Dal 1° luglio 2024 i datori di lavoro perdono la possibilità di applicare lo sgravio (del 30% fino al 31/12/2025, 20% nel 2026 e 2027 e 10% nel 2028 e 2029) sui contributi previdenziali dovuti per tutti i rapporti di lavoro subordinato instaurati in una delle regioni ammesse (Abruzzo, Basilicata, Calabria, Campania, Molise, Puglia, Sardegna e Sicilia).
Ricordiamo che la Decontribuzione Sud non è un incentivo all’assunzione bensì uno sgravio teso a tutelare i livelli occupazionali in aree svantaggiate sotto il profilo socioeconomico, tanto è che spetta per tutti i rapporti di lavoro subordinato sia instaurati che instaurandi in una sede di lavoro ubicata all’interno delle regioni ammesse ed è stata “promossa” proprio dall’INPS. Nel report dell’osservatorio pubblicato a luglio 2023:
"L’agevolazione Decontribuzione Sud segna ancora una crescita (+5%) confermandosi come l’agevolazione di maggior impatto, quantomeno per il numero di dipendenti coinvolti".
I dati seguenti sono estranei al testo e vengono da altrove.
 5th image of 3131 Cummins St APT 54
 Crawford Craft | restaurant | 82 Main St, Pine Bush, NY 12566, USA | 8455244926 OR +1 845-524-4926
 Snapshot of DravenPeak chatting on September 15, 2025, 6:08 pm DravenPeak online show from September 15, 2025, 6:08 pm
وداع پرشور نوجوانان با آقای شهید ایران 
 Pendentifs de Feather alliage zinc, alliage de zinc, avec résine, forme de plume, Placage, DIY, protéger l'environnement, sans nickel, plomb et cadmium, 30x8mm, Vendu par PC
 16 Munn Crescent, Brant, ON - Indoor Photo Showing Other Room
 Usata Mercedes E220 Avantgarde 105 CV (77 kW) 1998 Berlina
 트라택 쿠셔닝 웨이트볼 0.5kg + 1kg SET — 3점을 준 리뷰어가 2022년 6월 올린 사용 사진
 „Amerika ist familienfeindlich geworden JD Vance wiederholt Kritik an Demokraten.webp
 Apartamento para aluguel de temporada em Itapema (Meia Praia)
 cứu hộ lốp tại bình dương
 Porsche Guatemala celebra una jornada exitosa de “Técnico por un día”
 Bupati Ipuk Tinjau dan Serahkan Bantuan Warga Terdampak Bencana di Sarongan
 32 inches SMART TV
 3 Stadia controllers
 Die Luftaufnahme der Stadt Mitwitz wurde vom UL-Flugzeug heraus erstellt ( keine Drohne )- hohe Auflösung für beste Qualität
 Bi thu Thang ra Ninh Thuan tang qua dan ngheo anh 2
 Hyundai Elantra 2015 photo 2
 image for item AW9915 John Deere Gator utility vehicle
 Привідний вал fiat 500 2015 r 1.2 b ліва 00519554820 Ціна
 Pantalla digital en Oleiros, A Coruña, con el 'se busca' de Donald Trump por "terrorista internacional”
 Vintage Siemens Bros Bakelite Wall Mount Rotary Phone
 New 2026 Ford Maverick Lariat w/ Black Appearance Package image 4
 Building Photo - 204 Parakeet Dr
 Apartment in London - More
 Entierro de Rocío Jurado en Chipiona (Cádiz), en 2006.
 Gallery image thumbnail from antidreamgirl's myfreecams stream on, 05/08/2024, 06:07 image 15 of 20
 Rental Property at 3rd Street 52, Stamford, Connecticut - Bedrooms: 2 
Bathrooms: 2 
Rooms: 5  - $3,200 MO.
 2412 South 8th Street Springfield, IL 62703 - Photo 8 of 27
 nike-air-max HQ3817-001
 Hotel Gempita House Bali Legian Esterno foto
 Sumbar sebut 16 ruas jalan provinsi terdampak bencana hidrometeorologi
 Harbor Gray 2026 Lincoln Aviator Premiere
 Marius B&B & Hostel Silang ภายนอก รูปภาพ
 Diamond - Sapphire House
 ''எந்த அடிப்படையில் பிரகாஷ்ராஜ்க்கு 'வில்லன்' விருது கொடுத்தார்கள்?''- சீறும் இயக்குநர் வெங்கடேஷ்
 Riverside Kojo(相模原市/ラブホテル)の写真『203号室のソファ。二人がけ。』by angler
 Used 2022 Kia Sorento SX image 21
Il decreto Coesione, pur introducendo nuovi incentivi per i datori di lavoro privati, per le assunzioni effettuate nel periodo 1° settembre 2024-31 dicembre 2025: il Bonus Giovani, il Bonus donne e il bonus Zes Unica, non è una risposta adeguata a questa improvvisa e inaspettata cancellazione anche perché afferisce a misure ancora non operative e ben diverse da quella in scadenza il 30 giugno, in quanto non premiano il mantenimento del livello occupazionale.
E’ assolutamente necessaria un’azione immediata per negoziare ed ottenere la proroga dalla commissione Europea di tale misura, senza la quale molte aziende del Mezzogiorno si troveranno in difficoltà avendo pianificato le proprie assunzioni in base ad un chiaro incentivo previsto fino al 2029. La proposta più semplice sarebbe quella di prorogare così come previsto la Decontribuzione Sud e nel contempo vietare la cumulabilità con i nuovi incentivi in modo da tutelare da un lato i rapporti già in essere e incentivare comunque dall’altro le nuove assunzioni.